By Aderogba Obisesan / AFP
An 85-year-old music legend in Nigeria, known for the “highlife” dance music that once dominated West Africa, Fatai Rolling Dollar has mounted a surprising comeback five decades after his heyday.
The octogenarian, who saw his fame and money dwindle when highlife’s popularity faded, is again playing the upbeat sound on guitar to packed venues and remains, despite his age, one of Nigeria’s snappiest dressers.
Wearing a yellow-and-blue outfit, canary yellow sunglasses and a military beret, he sits in a popular Lagos bar discussing the highlife music that was born in Ghana in the early 1900s and reached its peak in the region in the 1950s and early 1960s.
Highlife features quick, repetitive rhythms driven by electric guitar and wind instruments played beneath a sometimes melancholic chant that typically satirizes modern life.
In highlife’s golden era, Fatai was a nationally celebrated performer along with Fela Kuti, the legendary afrobeat musician who also boldly campaigned against Nigeria’s military dictators.

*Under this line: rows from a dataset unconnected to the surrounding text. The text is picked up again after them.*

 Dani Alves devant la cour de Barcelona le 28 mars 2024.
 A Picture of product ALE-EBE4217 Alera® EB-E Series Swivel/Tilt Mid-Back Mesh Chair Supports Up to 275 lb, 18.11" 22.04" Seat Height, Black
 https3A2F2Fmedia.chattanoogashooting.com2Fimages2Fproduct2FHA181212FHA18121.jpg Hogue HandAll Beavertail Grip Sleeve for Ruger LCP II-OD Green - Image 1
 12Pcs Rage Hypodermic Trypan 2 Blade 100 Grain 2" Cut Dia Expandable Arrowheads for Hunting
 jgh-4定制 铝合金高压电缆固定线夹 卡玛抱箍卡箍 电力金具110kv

Although the rise of hip-hop has radically changed the music scene in Africa’s most populous nation, Fatai is trying to ensure that highlife does not disappear completely.
“We are reviving and reforming highlife,” he told AFP outside his modest Lagos apartment. “Highlife makes people happy.”

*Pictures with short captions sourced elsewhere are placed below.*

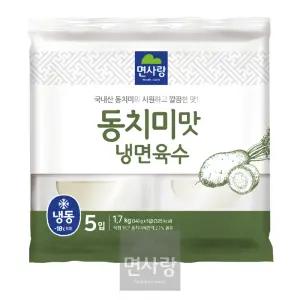 면사랑 동치미맛 냉면육수 340g 5개입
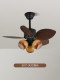 American Retro Fan Lamp, Vintage Restaurant Lamp, 2026 New Model, High-End Dining Table Lamp, Bedroom Home Ceiling Fan Lighting Fixture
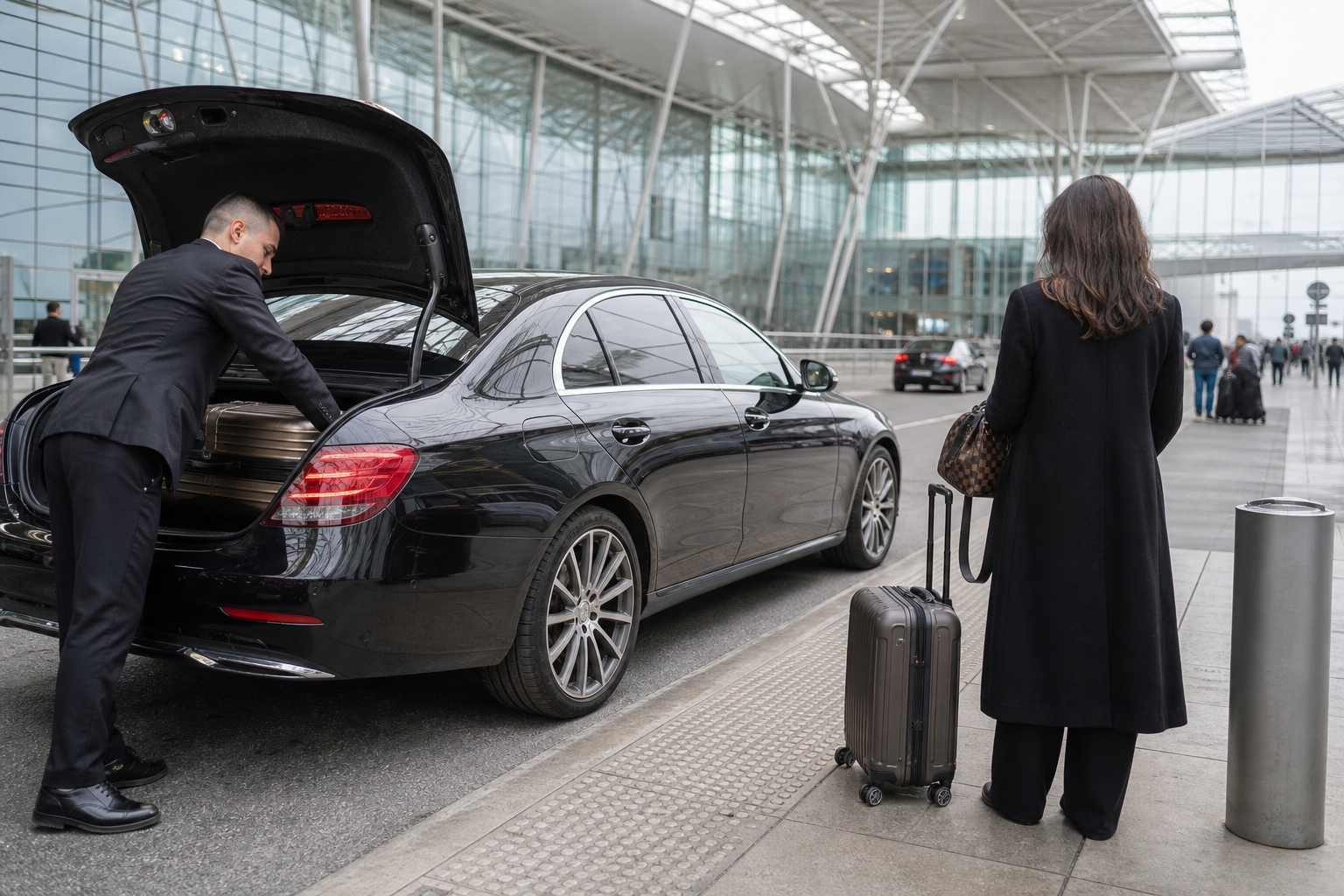 Transfert hôtel Paris vers aéroport — berline CDG Orly MonChauffeurVIP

The beat’s new guardians have also started to emerge.
Chijioke Enebechi, a saxophone player and front man of the Highlife Africa Heritage band sees Fatai as “a kind of inspiration.”
“Despite his age, he’s still playing, and… he advises us to make sure that we don’t let this music die off,” he said.
Fatai is unimpressed at the surging popularity of hip-hop in Nigeria and questions the musical credentials of the genre’s artists.
“Hip-hop… has its own time, when this time will pass, everything will close up, but highlife will be there, because highlife is the root of the music that we have in Nigeria today,” he said.
‘My name will not perish’
“If you want to know a good musician, a good musician should know how to play any instrument,” betraying a slight irritation with hip-hop artists he accused of sometimes being “lazy” and simply seeking “easy money.”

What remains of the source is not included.